- **Dataset records**

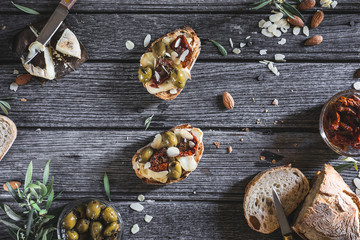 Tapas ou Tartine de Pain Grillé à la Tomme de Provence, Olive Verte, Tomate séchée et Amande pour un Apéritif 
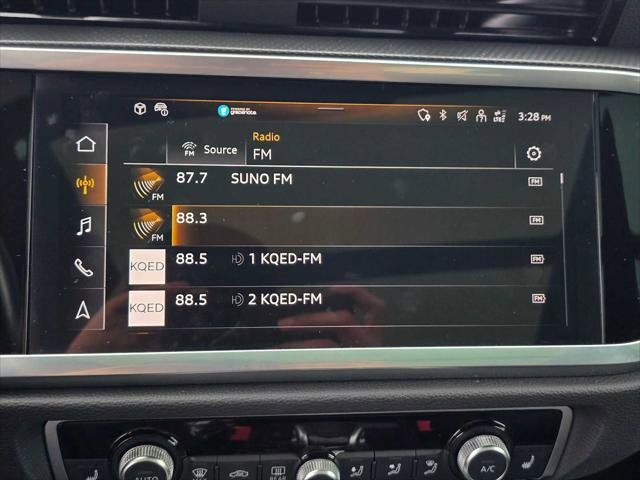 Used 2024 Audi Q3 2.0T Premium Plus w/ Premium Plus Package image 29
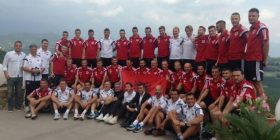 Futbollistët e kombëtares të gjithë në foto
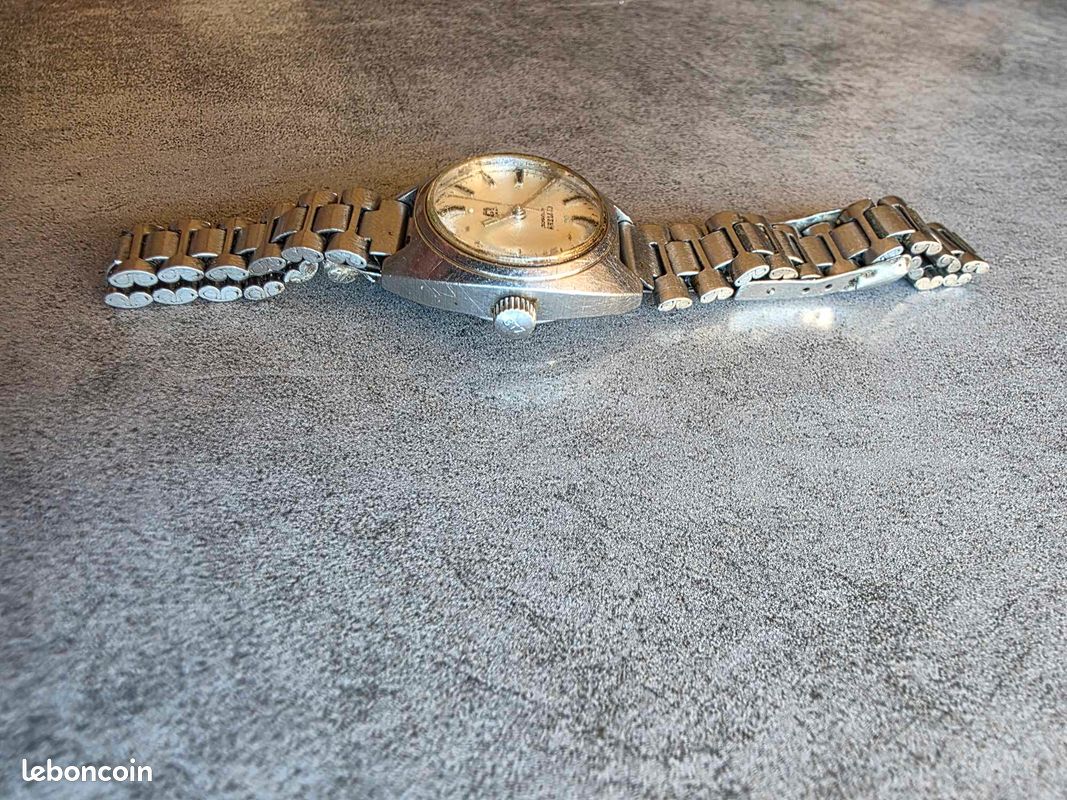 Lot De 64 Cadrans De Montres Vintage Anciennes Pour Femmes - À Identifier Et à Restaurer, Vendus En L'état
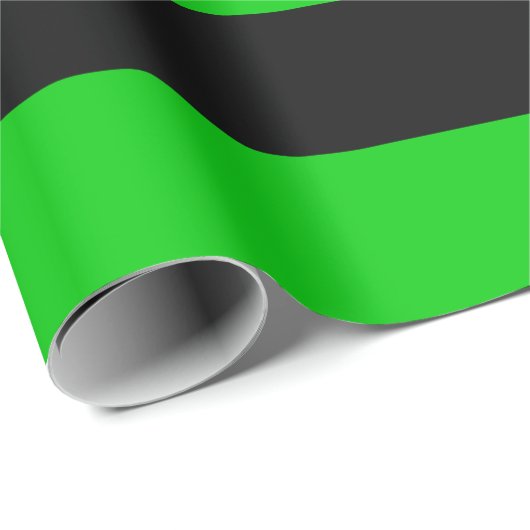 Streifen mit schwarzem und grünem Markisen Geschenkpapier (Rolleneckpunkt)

- **Problem**
Keep the pictures out, and write out the rest of the data above word for word.

- **Result**
 Tapas ou Tartine de Pain Grillé à la Tomme de Provence, Olive Verte, Tomate séchée et Amande pour un Apéritif 
 Used 2024 Audi Q3 2.0T Premium Plus w/ Premium Plus Package image 29
 Futbollistët e kombëtares të gjithë në foto
 Lot De 64 Cadrans De Montres Vintage Anciennes Pour Femmes - À Identifier Et à Restaurer, Vendus En L'état
 Streifen mit schwarzem und grünem Markisen Geschenkpapier (Rolleneckpunkt)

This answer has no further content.